During the past several decades, some people who suffer from depression, anxiety, obesity, migraines, insomnia, obsessive compulsive disorders, PMS, and ADD/ADHD have benefited from pharmacological treatments, including the well known brand name drugs Prozac, Valium, Paxil, Fen-Phen, Imitrex, and Ritalin. On the other hand, some other similarly afflicted people have not experienced benefit or have experienced significant adverse side effects from drug therapies, finding that the promise of drug treatment falls short of relief. Research in neurotransmitter biochemistry during the last 30 years is bringing new hope to many such sufferers.

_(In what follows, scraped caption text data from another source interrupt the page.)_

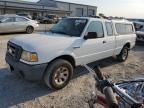 2009 Ford Ranger Super Cab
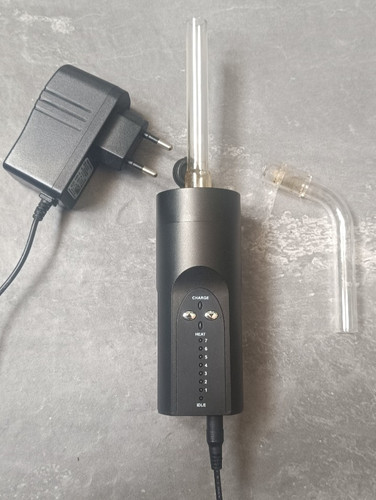 Arizer solo originale - arizer,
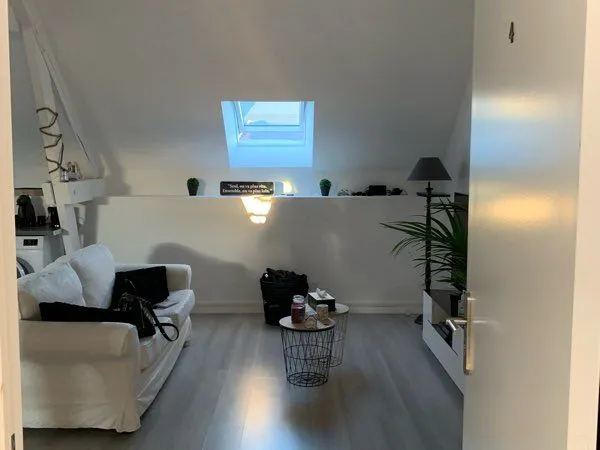Magnifique loft
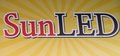 SunLED Company Logo
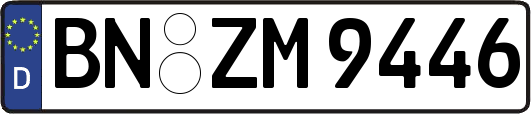 BN-ZM9446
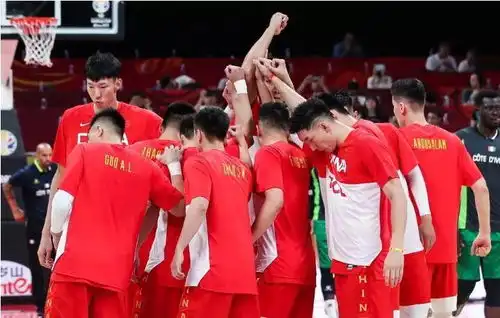 亚洲杯预选赛视频直播中国男篮vs中国台北中国男篮欲冲击2连胜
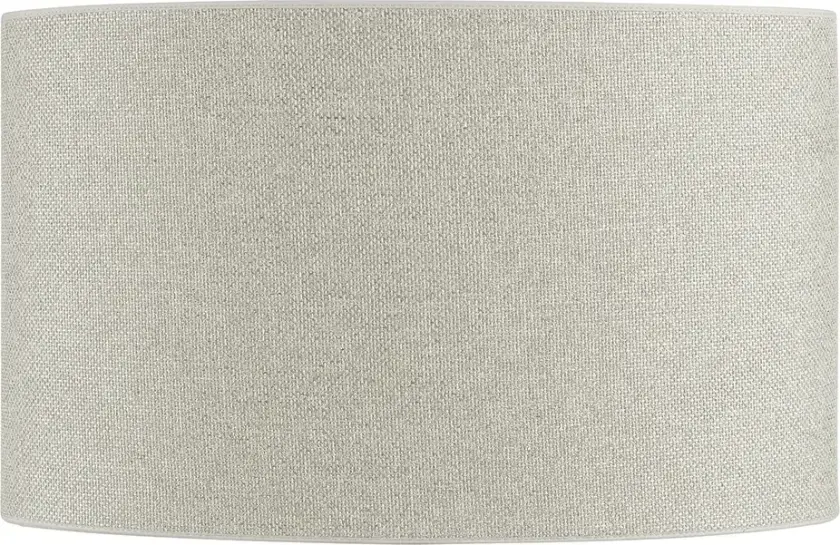 Lampeskjerm Oval Large Rave Natural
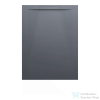 Laufen Pro S 130x90 cm-es zuhanytálca Marbond kompozit anyagból,Antracit H2111830780001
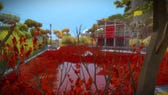 The Witness: how to solve the tetromino puzzles in the Marsh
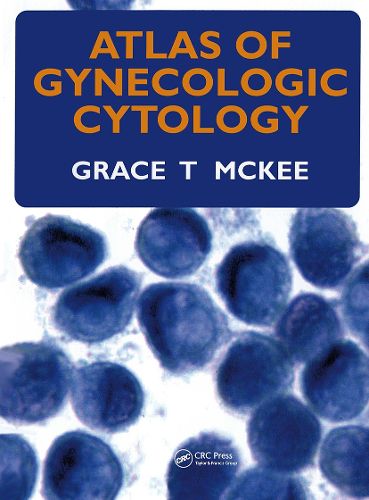 Cover image for Atlas of Gynecologic Cytology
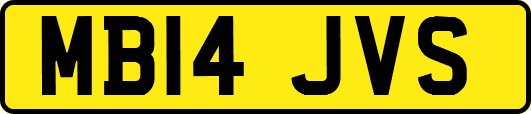 MB14JVS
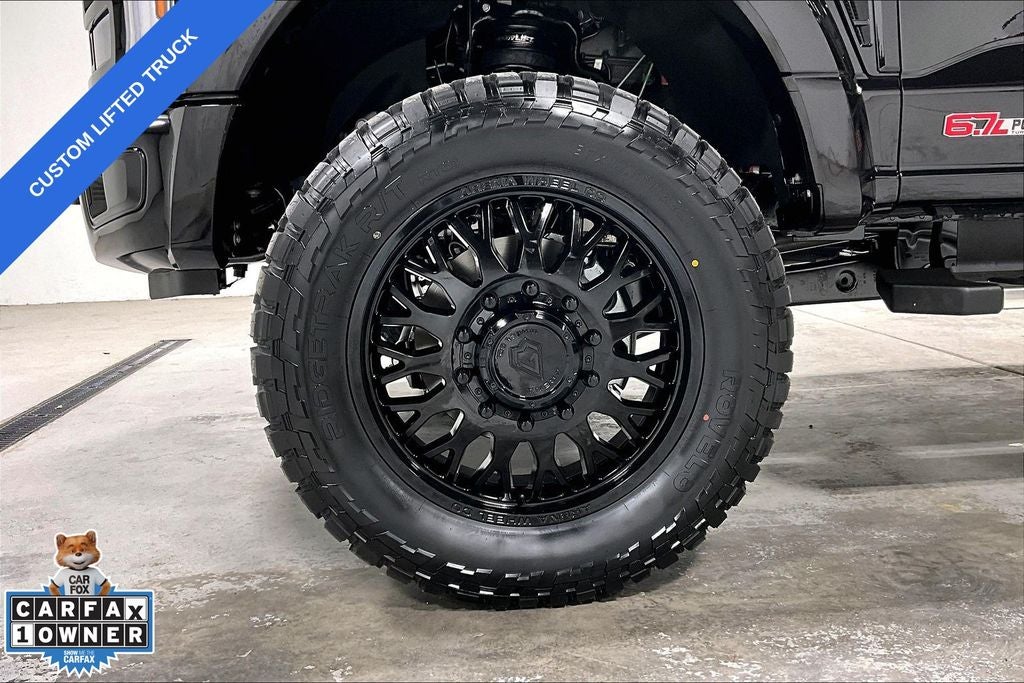 2026 Ford F-450SD Lariat DRW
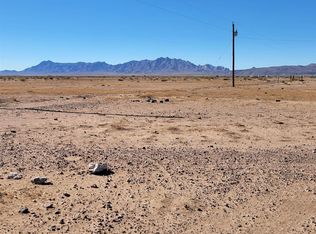 18810 El Bordo Rd SE, Deming, NM 88030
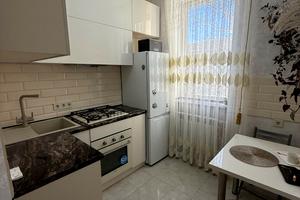 квартира за адресою Новосельського вул., 30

Nerve cells, called neurons, don’t physically connect with each other but have a gap called a synapse between them. Neurotransmitters, made by nerve cells from amino acids and vitamin and mineral co-factors, are chemicals that relay messages across this gap. By attaching to the receptor sites of neurons, neurotransmitters profoundly affect mood and metabolism. Serotonin, dopamine, norepinephrine, epinephrine (adrenalin), and gamma-aminobutyric acid (GABA) are some examples of neurotransmitters.
Because nerves affect the functioning of all cells in the body, neurotransmitter-related disorders are common. An estimated 84 percent of the population has some degree of neurotransmitter deficiency or imbalance. Prolonged stress, poor diet (especially protein deficiency or malabsorption), genetic predisposition, and some prescription drugs can contribute to neurotransmitter imbalances. For example, antidepressants in the class of drugs called Selective Serotonin Reuptake Inhibitors (SSRIs) such as Prozac, Paxil, and Celexa, while often effective in the short-term treatment of depression, have been proved by extensive laboratory testing to cause further lowering of the already depleted neurotransmitters serotonin and norepinephrine when used long term.
For years, the only way that a doctor could manipulate neurotransmitters was by the use of prescription drugs. Occasionally, a doctor would get lucky and hit a home run with a drug that happened to specifically address an individual’s imbalances. However, recent scientific advances in the ability to measure neurotransmitters have taken much of the guesswork out of treating these imbalances, allowing doctors to more effectively address a person’s health problems. Research has also defined what to measure, when to measure, how to measure, and how to go about a nutritional program of conditioning, therapy, and maintenance. A urine sample is the preferred specimen, since obtaining a blood specimen is a stressful, invasive procedure that increases some neurotransmitters. The optimum time for specimen collection is between 9 a.m. and 11 p.m. Optimizing neurotransmitter function is best accomplished by the supplementation of the indicated amino acids and vitamin and mineral co-factors in specific ratios, at specific times of day, and in particular sequences.
Measuring and optimizing neurotransmitter levels provides a cutting edge approach for patients suffering from a variety of ailments. For example, serotonin has an ability to constrict blood vessels. During a migraine, serotonin levels drop significantly, causing blood vessels to dilate, resulting in the intense pain that is so characteristic of these headaches. Once the migraine sufferer’s neurotransmitters are measured, treatments that optimize serotonin production can provide a preventive approach that minimizes both migraine occurrence and thus the need for repeated drugs to treat recurring acute episodes.
Many people who have not yet been diagnosed, but are the “walking wounded,” find themselves less tolerant of stress than they once were, not sleeping as well as they once did, and having mood disorders including depression or anxiety. The physician who suspects and confirms an underlying neurotransmitter-related disorder can often greatly improve the quality of life for such people.